Avoid using accuracy whenever possible, due to issues discussed in depth in advanced classes.

In [None]:
from sklearn.linear_model import *
from sklearn.metrics import *

In [None]:
model = LogisticRegression()

model.fit(features_df, labels)
predictions = model.predict(features_df)

print(accuracy_score(labels, predictions))
print(precision_score(labels, predictions))
print(recall_score(labels, predictions))

In [None]:
coefs = pd.Series(model.coef_[0], index = features_df.columns).sort_values()
print(coefs.head())
print()
print(coefs.tail())

Notice the coefficients don't match those from R: `scikit-learn` uses different methods for the optimization problem that learns the coefficients, so the performance will likely be similar but the coefficients may not be.

## Calling R from Python
---

Finally, we can compare our output directly to R from within Python.  In fact, using the `rpy2` package, we can call any R function and convert back and forth between Python and R data types.

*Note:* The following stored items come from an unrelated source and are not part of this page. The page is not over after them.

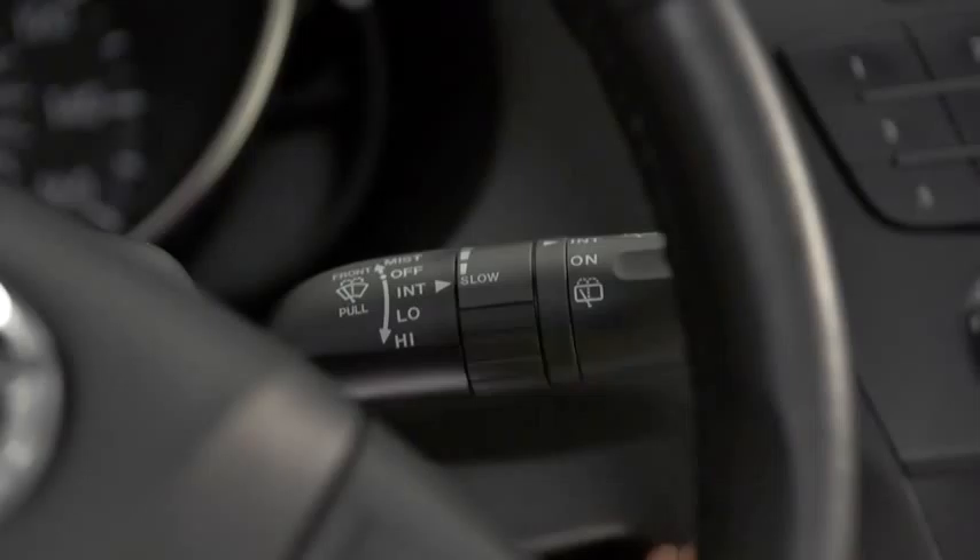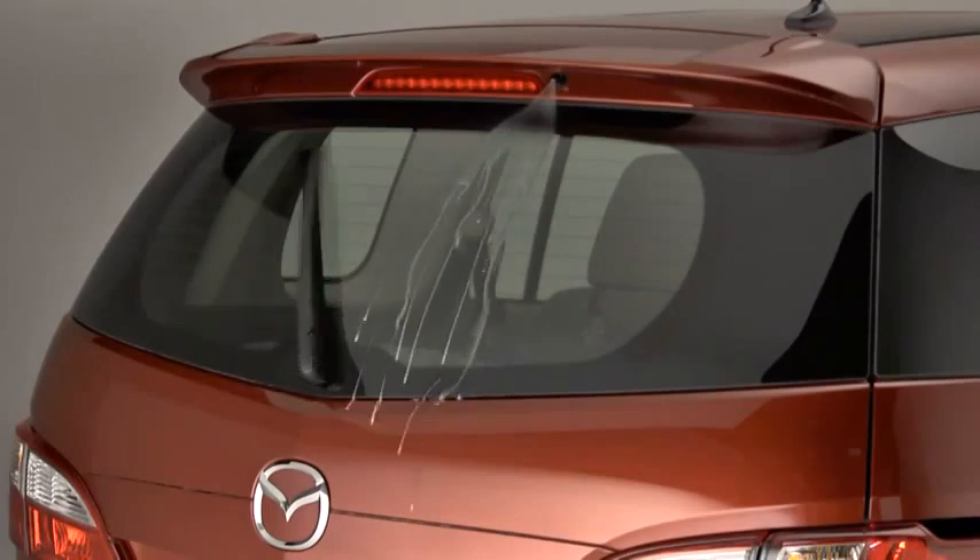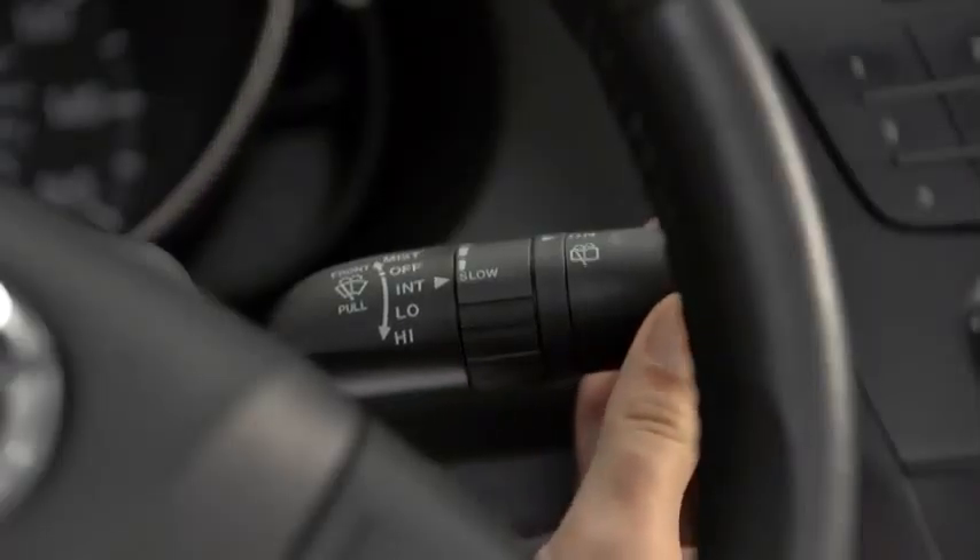For the rear window wiper, turn the switch at the end of the lever to on or intermittent. To spray washer fluid, turn the switch to washer.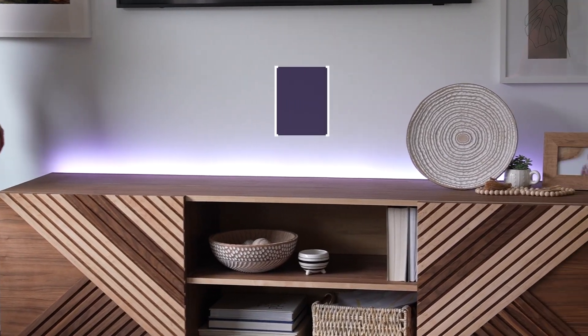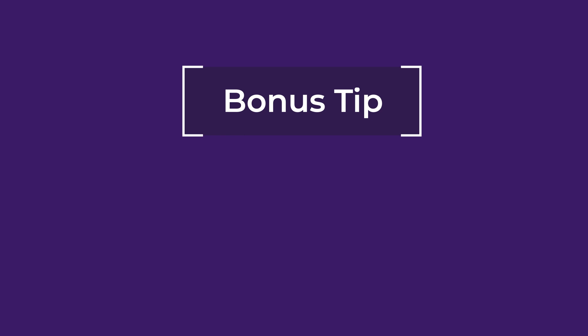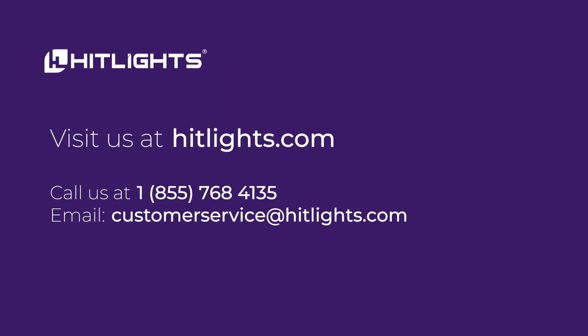Bonus tip: magnetic drivers tend to produce sound due to how they are made. You can opt to use electronic drivers; however, this still depends on your project and your preference. Adding rubber gaskets and increasing ventilation may help reduce or eliminate the noise as well.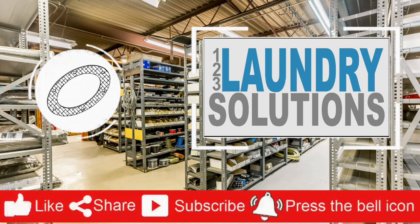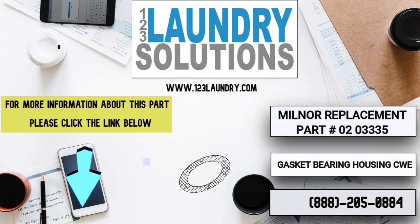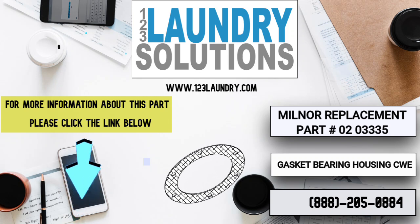Please like, share, and subscribe to get repair and manual videos, and click the notification bell to get more updates.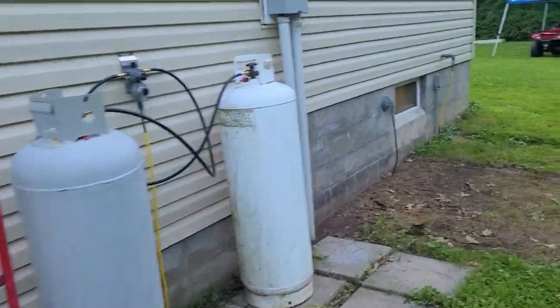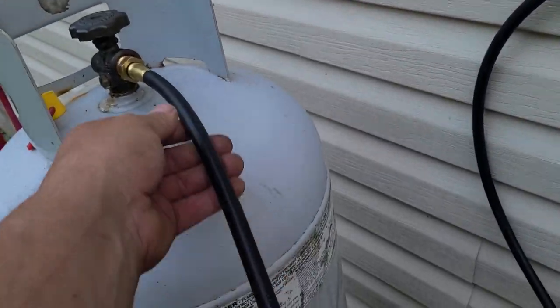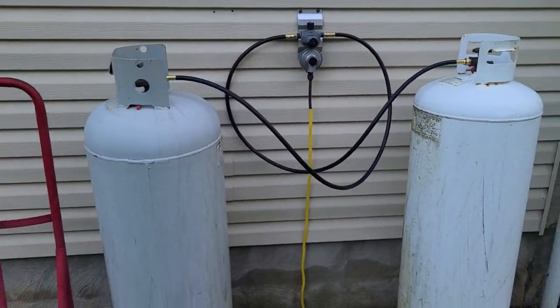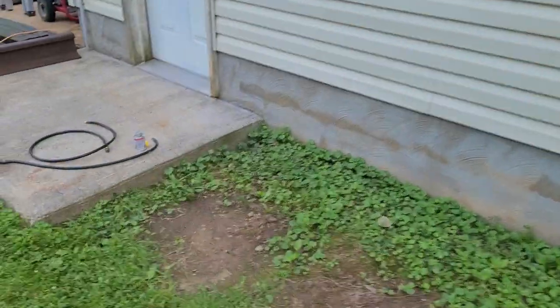We had an absolutely beautiful day out here today with no humidity - one of those days you literally make memories over. I went to Boulevard Trailer out in New Hartford and I got these new lines right here, and these are for my propane backup. I have an indoor boiler that's basically a backup system - let me show you what we got here.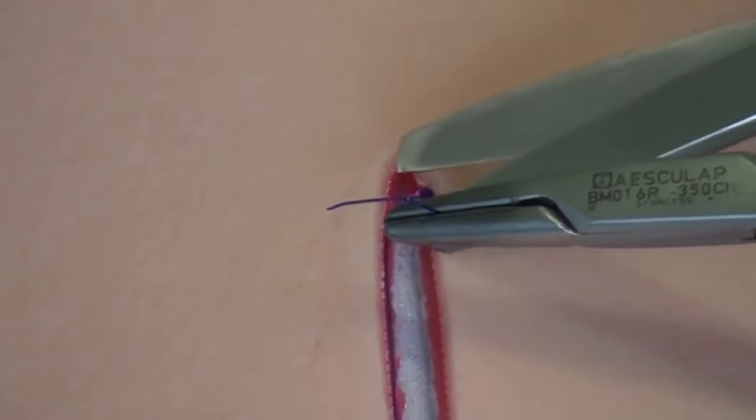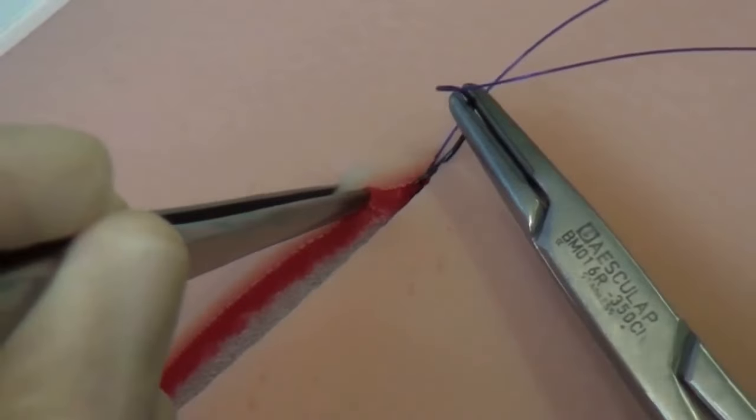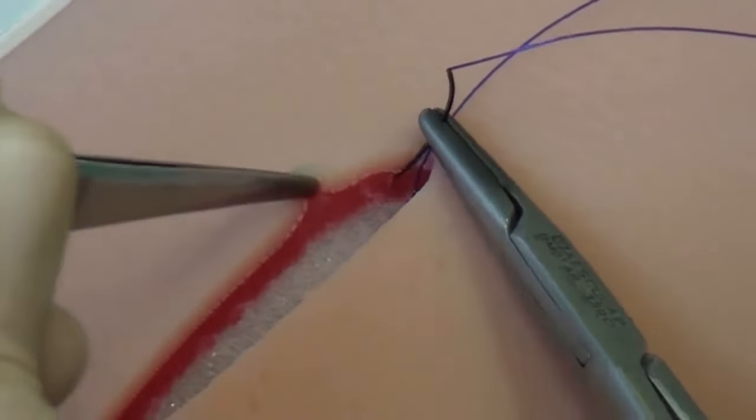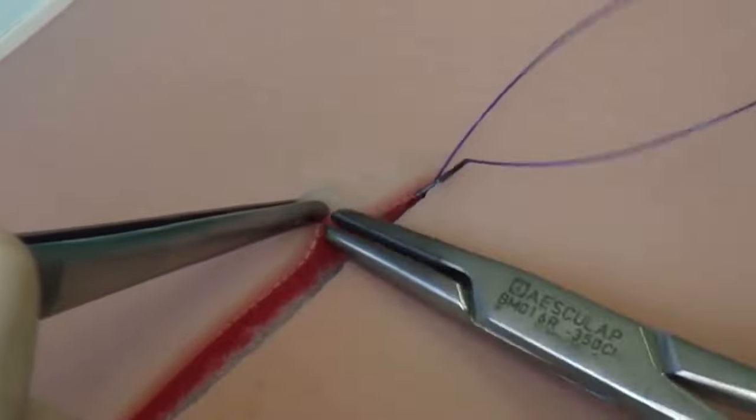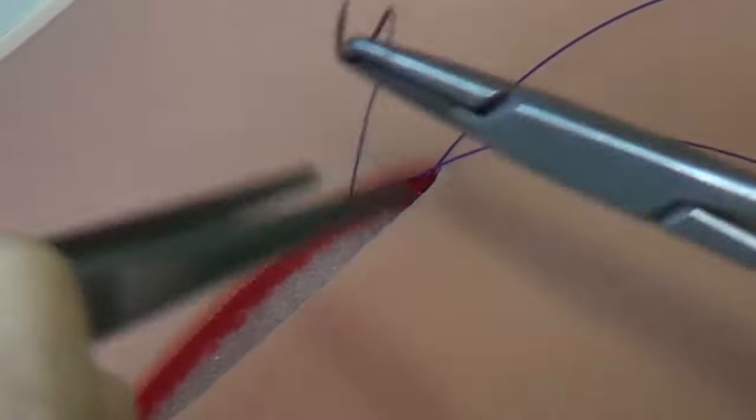The end of the thread is cut. If you are right-handed, you sew from right to left. When sewing, the right hand holds the needle holder with the needle, and the left hand holds the tweezers.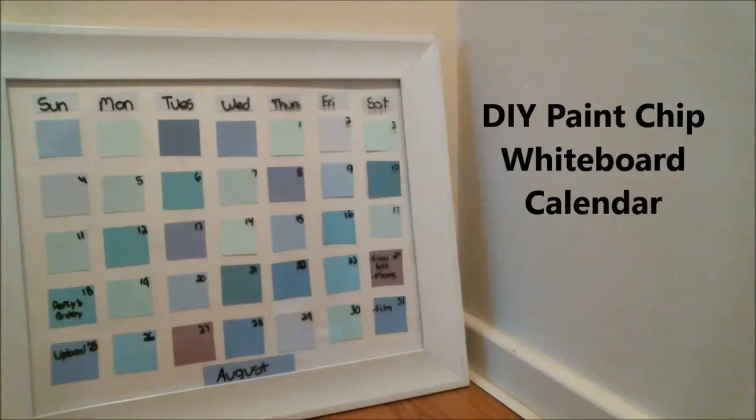Hey Slices! Today we're making a DIY paint chip whiteboard calendar. This craft is great for back to school because you can make it for your room so you can write down all the assignments that you need to keep in track. But I'm going to be using it to organize my crafting channel, so let's get started.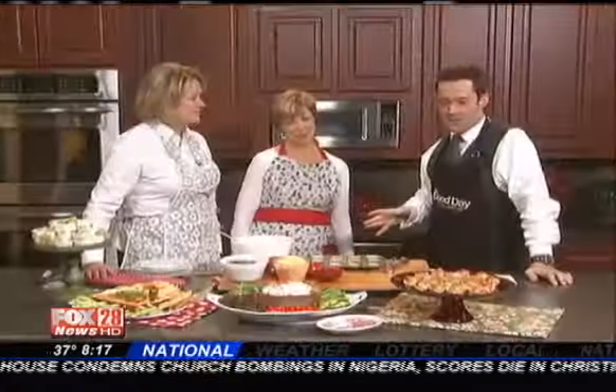Christmas is behind us now, but there's still plenty of entertaining to do — New Year's, birthdays, other big celebrations. Vicki Hutchins and Joanne Martin are the Gooseberry Patch ladies, and they are in the kitchen with us today talking about some fantastic appetizers or hors d'oeuvres. Always great to see you. Thanks for having us. Now we have more parties to plan for.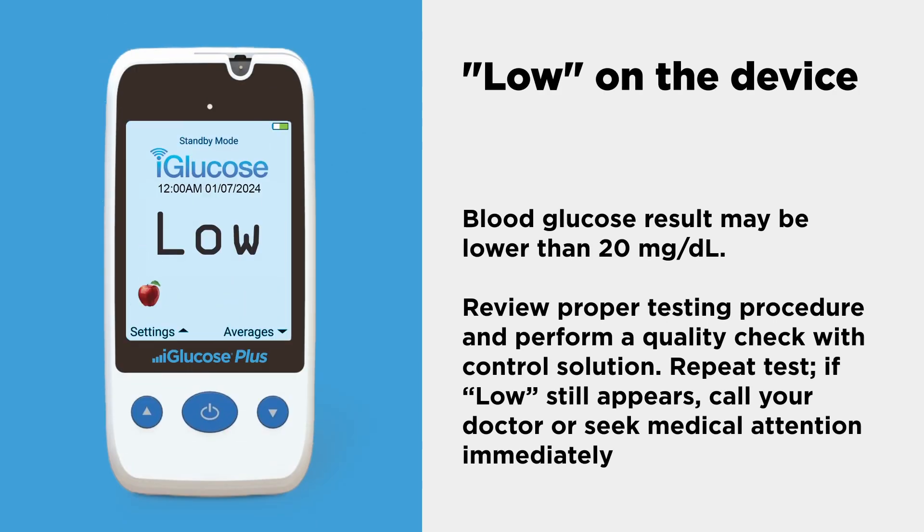Blood glucose results may be lower than 20 milligrams per deciliter. If low still appears, call your doctor or seek medical attention immediately.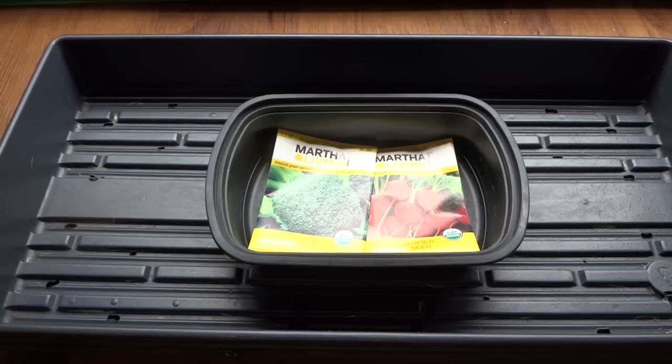Hey everybody, welcome to my channel. Today we're going to grow some microgreens. I've done many microgreens videos on my channel and I've got tons of questions about many different things, so I collected a bunch of questions and decided to make a video covering some very basic things — for example, what type of seeds microgreens are, where to get them, and if they're the same as regular gardening seeds. Many people also have trouble with mold, so I'm going to cover that as well.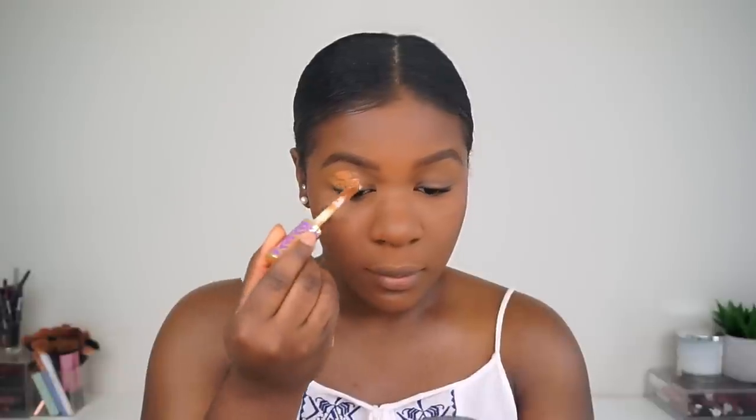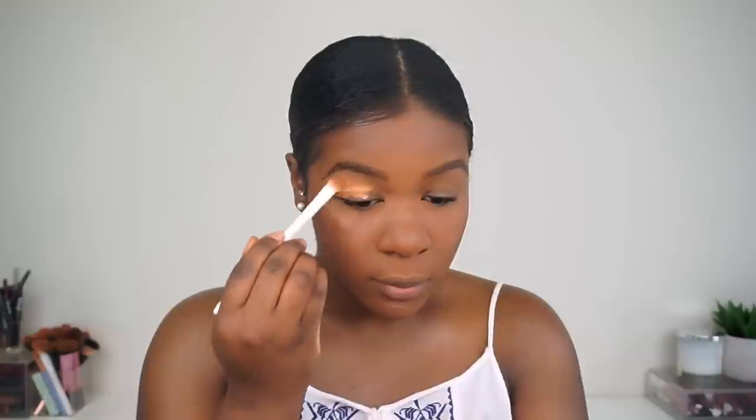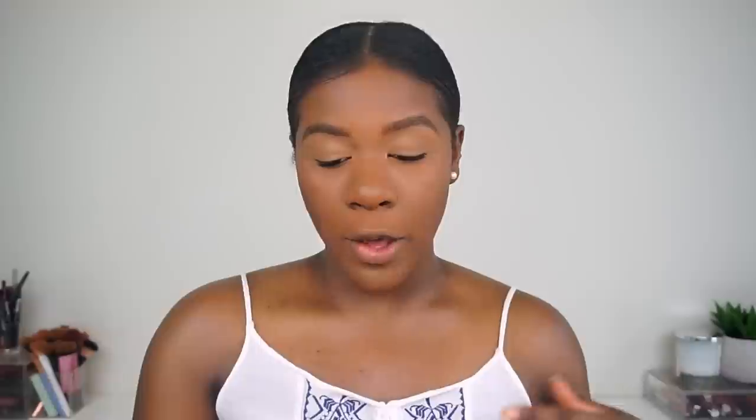For the video she used the Tarte Shape Tape concealer — it's a little bit lighter so the colors will show up more, but for me I'm using a darker shade. I'm going to go ahead and apply it right on my eyes and blend it out. For the eyeshadow I'm going to use my Dose of Colors Sassy Sienas palette and I'm going to use the shade Foxy — it's like a mid-tone brown — with my Morphe G17 brush, which is a really big fluffy brush. I'm really excited to see if this works because I'm just so used to setting my eyelids.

We first load the `broom` package in R to convert the output of `glm` into a data frame so the results returned to Python are easily readable.  We then call the `pandas2ri.activate()` function which automatically translates Pandas data frames to R data frames and back.  Finally, we fit a logistic regression model (`glm()` with `family = 'binomial'`) and print the summary statistics.

In [None]:
from rpy2.robjects import r, pandas2ri
from rpy2.robjects.packages import importr

importr('broom')

pandas2ri.activate()

fit = r.glm(
    'malignant ~ .',
    data = training_df,
    family = 'binomial'
)
print(r.tidy(fit))

Unlike `scikit-learn`, these coefficients should match our `statsmodels` output above.